- _What the task asks_: Give the data again word for word; drop the pictures.

- _Recorded data_:
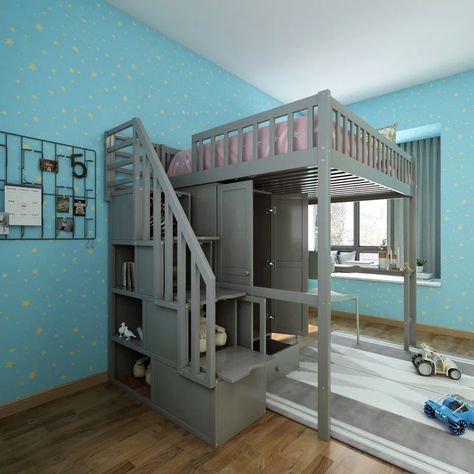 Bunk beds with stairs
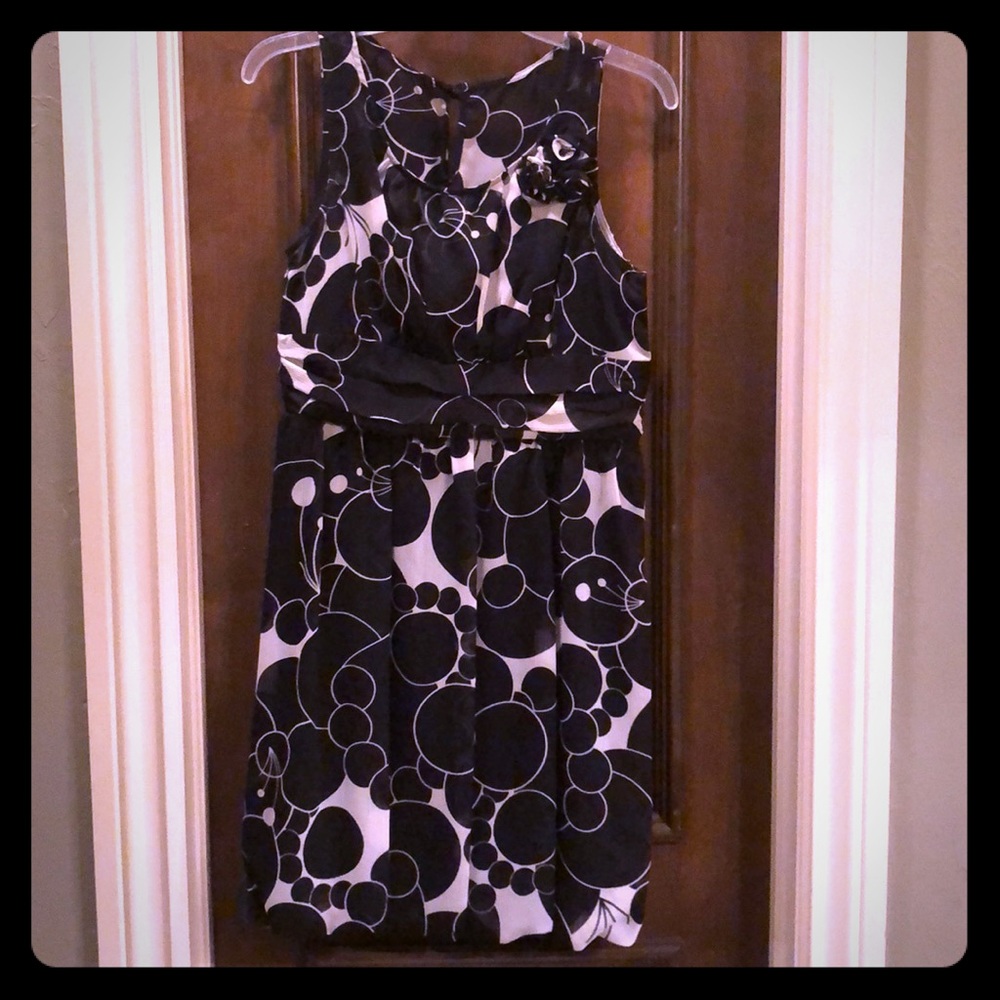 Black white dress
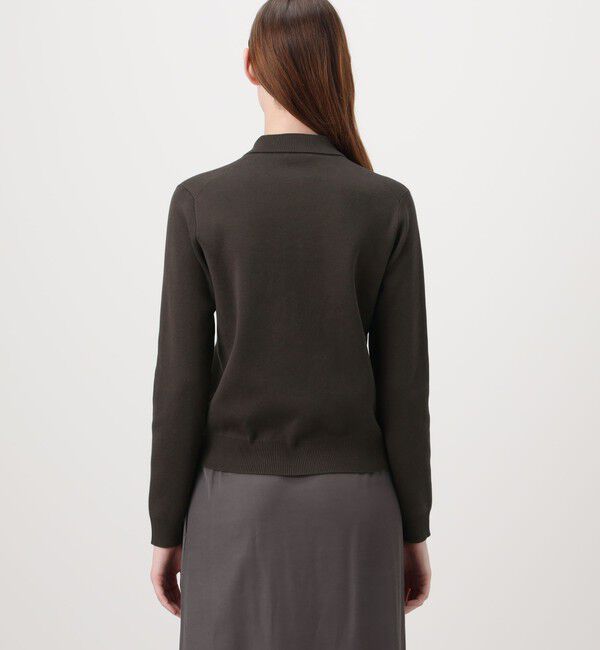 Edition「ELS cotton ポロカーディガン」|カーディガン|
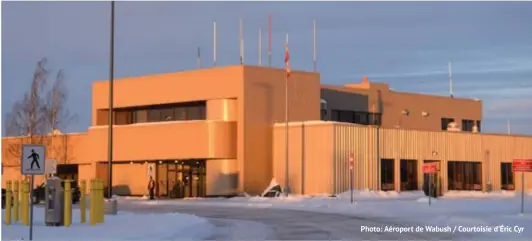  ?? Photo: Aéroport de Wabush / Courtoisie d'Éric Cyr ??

- _Solution_:
 Bunk beds with stairs
 Black white dress
 Edition「ELS cotton ポロカーディガン」|カーディガン|
  ?? Photo: Aéroport de Wabush / Courtoisie d'Éric Cyr ??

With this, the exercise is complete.